Does anyone have experience or an opinion on machining "Royal Wood" trim boards to make crown molding for an exterior application? I would be using their "1 x 6" stock. I am restoring a Victorian era curved wrap-around porch. To match the old crown molding profile, I need have this custom made. I am considering using Royal Wood because it is clear, readily available and it comes in 16 foot lengths.
Their website says this material can be machined, and that if the interior is exposed due to machining, that it will still be weather proof even if unpainted. But I will be painting the finished crown molding. However, my friend who will actually make the crown molding has never used Royal Wood before. Any input would be greatly appreciated.
(Architectural Woodworking Forum)
From contributor B:
What you are talking about doing here is making your own flexible crown moulding. You could run into some problems other then those that might occur during the machining process.
I believe when you purchase ready made flex crown it is pre-twisted to make the upper and outer edge run the top outer radius while the lower inner edge runs the facia radius (outside curved descriptions - just the opposite for inside curves).
If you run your own crown I don't think you will be able to make the bend without the crown wanting to ride in flat up against your facia. This is because the bottom edge on an outside curve crown is running at a typically 3" to 4" smaller radius then the upper outer edge.
I'd suggest you take a piece of the un-profiled "Royal Wood" and seeing if it can be held up at the same angle as the crown and made to run the curve. Our business is curved mouldings and we make a lot of wood curved crown. I haven't worked with much flex crown over the years but do have a pretty good idea of how it gets applied.
I should post a separate question on how to best bend the crown around the curved edge of the roof. But for now, I simply need to know if the Royal Wood will work acceptably as a machineable substitute for real wood. Will we hit any surprises or have any regrets? I am just trying to make sure before I ruin about $160 worth of material.
As far as bending you'll just have to try a piece and see how badly it deforms. I doubt kerfing will help much in your application given the "lean out" of that size crown. You could try heat but it's a PITA. You could also try flexible polyurethane if you're so inclined.
Couldn't he also use a heat blanket to bend the crown? I'm pretty sure that would work very easily. If you get PVC too hot, it turns to cooked spaghetti, so you'd want to cook it just right.

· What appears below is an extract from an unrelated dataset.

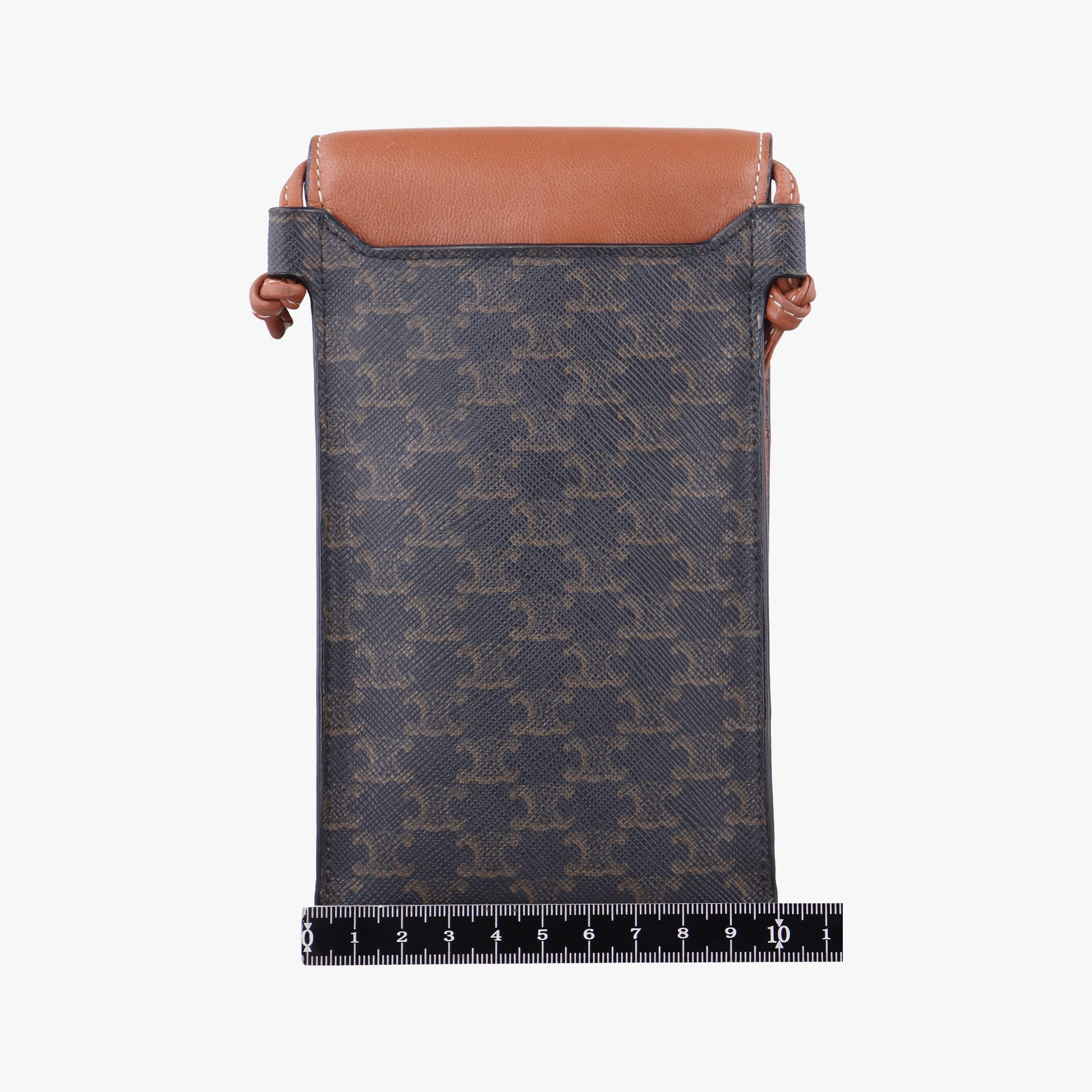 Triomphe Phone Pouch Brown PVC coated canvas×Leather S-AN-4231トリオンフ フォンポーチ ブラウン PVCコーティングキャンバス×レザー S-AN-4231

Just heat up the moulding and push it to the shape you want its pretty easier. Why bother with everything else. Just get the job done with the right tools. I always go out and get the correct tools for the job. If I never use them again I just sell it off. Someone else is looking for the blankets and I bet you'd lose less on it than renting it. Most of the time I just include it in my bid and it's charged off to the job. By the way - my supplier has some Azek that was heated and then shaped into a pretzel. It can certainly make the 8' radius.
B) My friend has made some of the crown molding already, using a Bellsaw with a single blade. He reports that the Royal Wood shapes well, and is easier to cut than pine. He did note that it sands oddly compared to real wood, but is quite satisfactory.
C) As to making the 14 feet of curved crown molding, I had planned to follow the method described in Fine Homebuilding. But where wood was used, I planned to use a piece of Royal Wood. I had no idea that plastic wood could be bent with warming blankets. I'll have to think about this some more.